They are facts of enormous gravity and not a supposition, said Felix Bolanos, minister of the presidency.

We are absolutely certain that it was an external attack. In a democracy like ours, all such interventions are carried out by official bodies and with judicial authorisation, he said.

In this case, neither of the two circumstances prevailed, which is why we have no doubt that it was an external intervention. Bolanos said that they wanted the judiciary to investigate.

He did not say whether the Spanish authorities had any indications yet where the attack originated or whether another country was behind it.

Bolanos said that Sanchez's phone had been tapped in May 2021 and Robles' in June of the same year.

He said that a determined amount of data was extracted from both phones.

There is no evidence that there was other tapping after those dates. The El Pais newspaper said that the hackers extracted 2.6 gigabytes of information from Sanchez's phone and nine megabytes from Robles' phone, but the government still doesn't know the nature of the stolen information and the degree of sensitivity. The attack targeted their work phones provided by the state, not their private phones.

Bolanos said that experts were checking whether other members of the Spanish government were targets of spying involving Pegasus.

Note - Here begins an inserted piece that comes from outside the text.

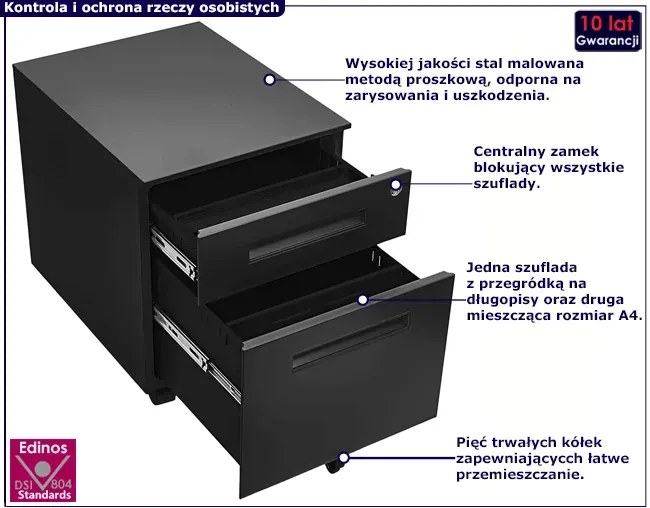Czarny kontenerek pod biurko na kółkach - Cebo 3X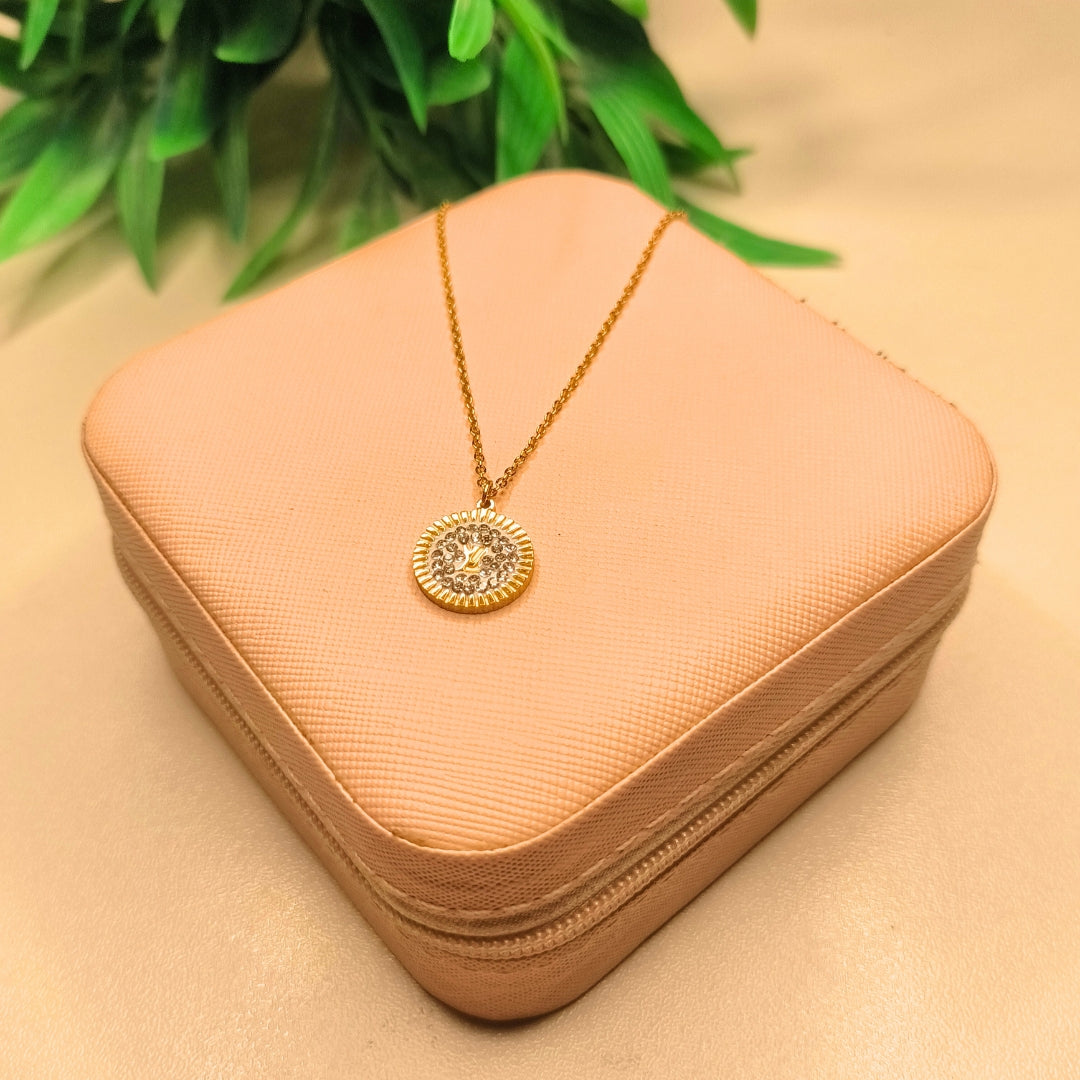 Crystal Radiance Round Gold-Plated Jewelry Set | Artificial Jewelry for Women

He said the government has filed a complaint with a Spanish high court tasked with major national and international cases, which have included terrorism in the past, in order to bring the full facts to light.

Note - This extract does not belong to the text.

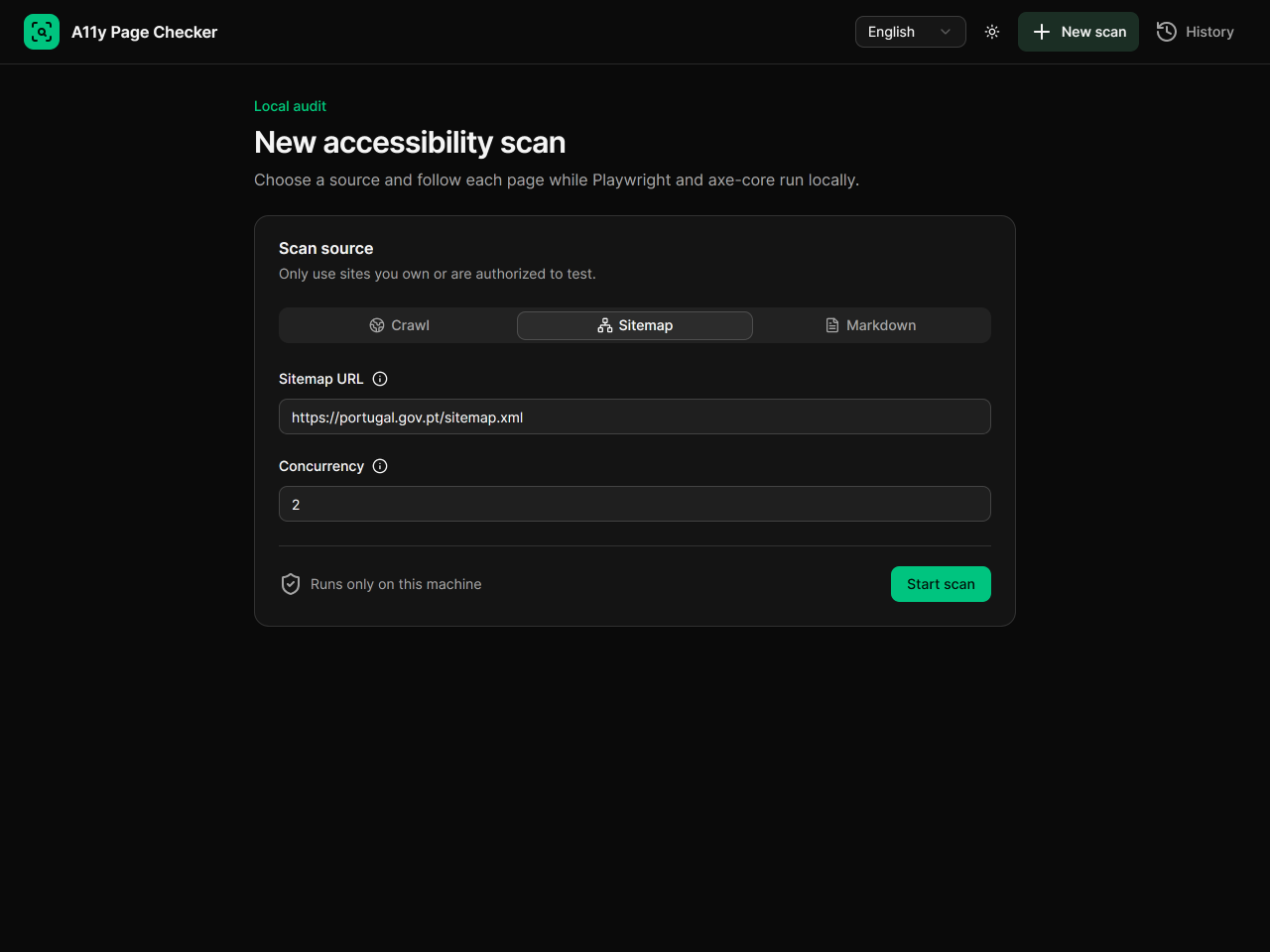 A11y Page Checker form configured to start a local sitemap scan.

Pegasus spyware infiltrates mobile phones to extract data, or activate a camera or microphone to spy on their owners.

Israel-owned NSO Group, which owns Pegasus, claims that the software is only sold to government agencies to target criminals and terrorists, with the approval of Israeli authorities.

Global rights groups have been criticised for violating users' privacy around the world and it faces lawsuits from major tech firms such as Apple and Microsoft.

Amnesty International, the London-based human rights group, said the software has been used to hack up to 50,000 mobile phones worldwide.

Catalan separatists have accused Spain's intelligence services of using spyware to spy on their mobile phones, which has revived tensions with Sanchez's minority leftist government, which relies on their support to pass legislation.

Canada's Citizen Lab group said last month that at least 65 people linked to the Catalan separatist movement had been targets of Pegasus spyware in the wake of a failed independence bid in 2017.

Former and current Catalan regional leaders were among those targeted by the controversial spyware.